20 Jan 2014 12:30pm - 2:00pm CRASSH Meeting Room

Description

Part of the CRASSH Fellows Work in Progress Seminar Series.  All welcome but please email Michelle Maciejewska to book your place and to request readings.  A sandwich lunch and refreshments are provided.

Dr Chiara Bortolotto

Abstract

Coming ten years after UNESCO’s adoption of the Convention for the Safeguarding of the Intangible Cultural Heritage by UNESCO (2003), this research focuses on the evolution of the Convention’s policy priorities and investigates the emergence of a participatory rule underpinning heritage identification and safeguarding. “Participation” and “communities”, key concepts of the 2003 UNESCO Convention, convey the idea that heritage interventions are no longer the exclusive purview of a particular profession or set of scientific and technical experts but are now part of a social process of “empowerment”. This participatory ideal corresponds to the rising involvement of international organizations in the politics of civil-society inclusion, which was the driving force behind the development of the Convention. The actual implementation of the Convention shows how the interpretation of the notions of “participation” and “community” varies widely between countries depending on their cultural, political and institutional frameworks. In the same way, at the intergovernmental level, the understanding of such notions is far from being uniform. Observation of debates held by the Intangible Cultural Heritage Intergovernmental Committee suggests that the participatory approach to heritage is evolving and gaining increasing weight. The goal of this project is to analyse the development of the idea of grassroots empowerment within UNESCO, tracing the evolution of the participatory ideals expressed by the Committee. To this end, I will address the following questions: how does the Committee responsible for the monitoring of the Intangible Cultural Heritage Convention interpret the notion of “participation”? How do members of the Committee distinguish between “participation” and “consent”? How do their concerns about participatory principles evolve over time? What tools are provided by the UNESCO secretariat to facilitate and promote participatory heritage policies? And how does the structure and organization of UNESCO influence this endeavour?  
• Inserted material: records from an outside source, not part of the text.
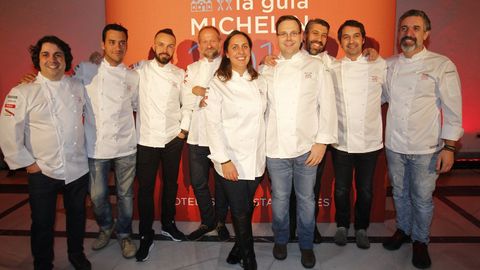 Cocineros gallegos que fueron premiados en la gala de la Guía Michelin del 2015, que se celebró en Santiago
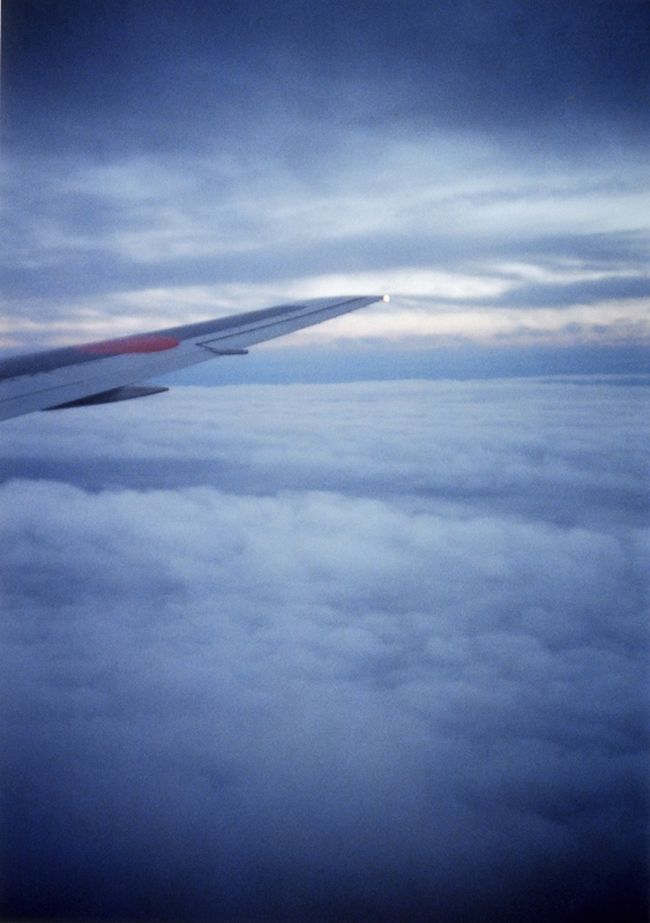 飛行機の窓から<br /><br />＜LOMO　LC-A＞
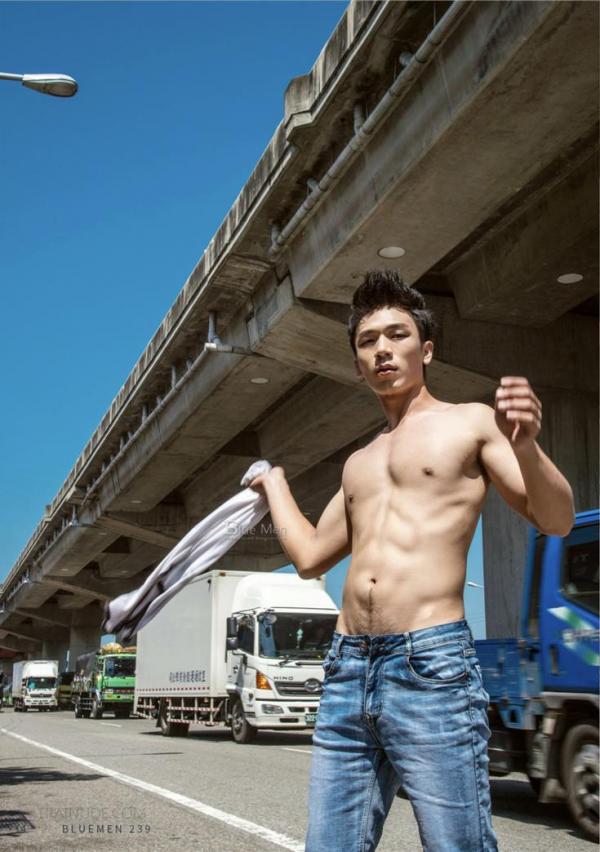 Blue-Men-No.239-EbookVideo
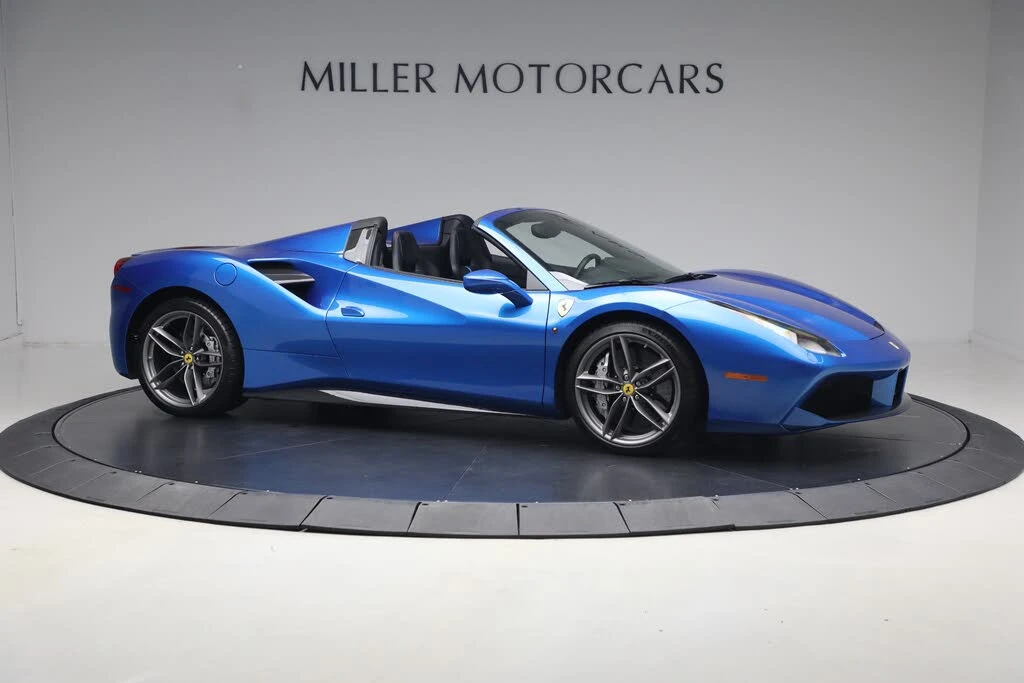 2017 Ferrari 488 Spider - Image 10 of 31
Whereas most anthropological studies of UNESCO policies focus on the latter’s impact on particular sites or cultural practices without explaining how global policies are established at the intergovernmental level, this project shifts the ethnographic gaze to the international organization itself. Once the global is localized in UNESCO conference rooms and corridors and the context of ICH programme and policy design is identified, it becomes possible to investigate how a category often abstractly defined as “global” is shaped in practice by particular actors, devices and rules and how the socio-material arrangements of an international organization impact upon policy making.